I'm not contactible either, these days. I've mysteriously lost my SIM card the other day, but have found a Nederlandse Spoorwegen card valid for 2008, the one that I have never received before finding it in my wallet.

I never told you how I met, how I recognised Maria. I just told you (at the end of July) how I got to the Intensive Psychiatric Clinic, where I spent three days until the Judge set me free. Maria was there for months, she was supposed to stay until January this year. I was seeing her every day. She was transferred to on Open Clinic in the midst of Rotterdam's Sodoma and Gomora, in the West, couple of minutes away from Thirsty Garry's, the Dizzy jazz club, all the sex shops, coffeeshop, and whorehouses in the Nieuwe Binnenweg.

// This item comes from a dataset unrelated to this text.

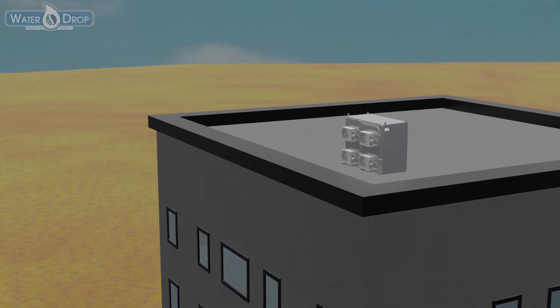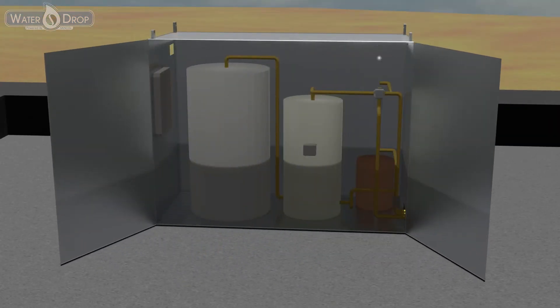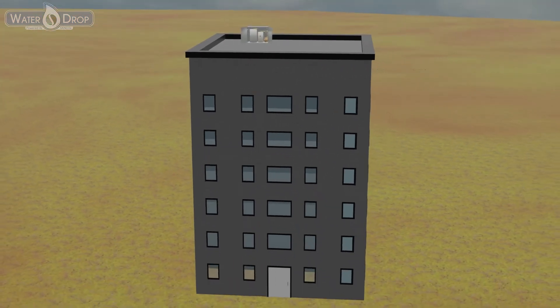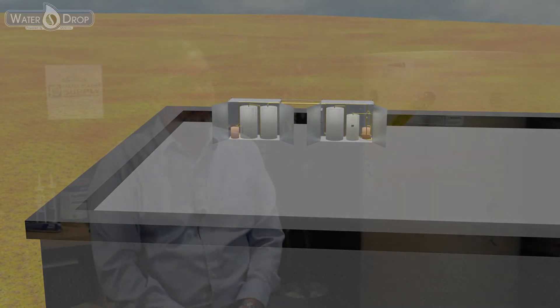Drop-in systems exist in modules. The modules will scale to any size and are best suited to new construction. Small Planet Supply is proud to be your single source for all of the plans, parts, and startup services for all of the Waterdrop solutions.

I'm not goint to tell you now either, I'm too drunk.

I'll just tell you that in my three days I was warned twice that physical contact between "the inmates" is forbidden. Maria and me were caught twice in varying degrees of nakedness in her room. When I put the palm of my hand on her stomack she began shivering, her body was shiverring. I never saw this before, except on film.

"You made me feel like a woman", she said. It's been months she's felt that way. What greater compliment can a man hear? Tell me, I want to know!

"We can walk together, we can talk, we can make love." She said. I like doing ANYTHING with her.

She told me in the clinic she may have AIDS. "I'm getting tested tomorrow." I never asked for the results. I didn't need to. I trusted her, I trust her. If I was wrong about her I wanted to die. If I'm wrong about her I want to die.

I am healthy. "You need a normal girlfriend", she would say a month later. She even tried to take me to a famous disco club to find a girlfriend for me. It's a mission. I took her home, we made love, I played Lhasa de Sela's "Living Road" and cried on every fucking verse.

"I don't like your mission!", I cried.
"You're sensitive, aren't you?", said Maria.

I KNOW she loved me, even when she announced her Mission. But what kind of woman in love wants to find another woman for the man she loves? An abnormal one.

I am normal enough for both of us, Maria.

MARIA!!!

Dime me la verda, goddamnit. Try. Set me free. I have set you free.

Post je objavljen 09.02.2008. u 14:25 sati.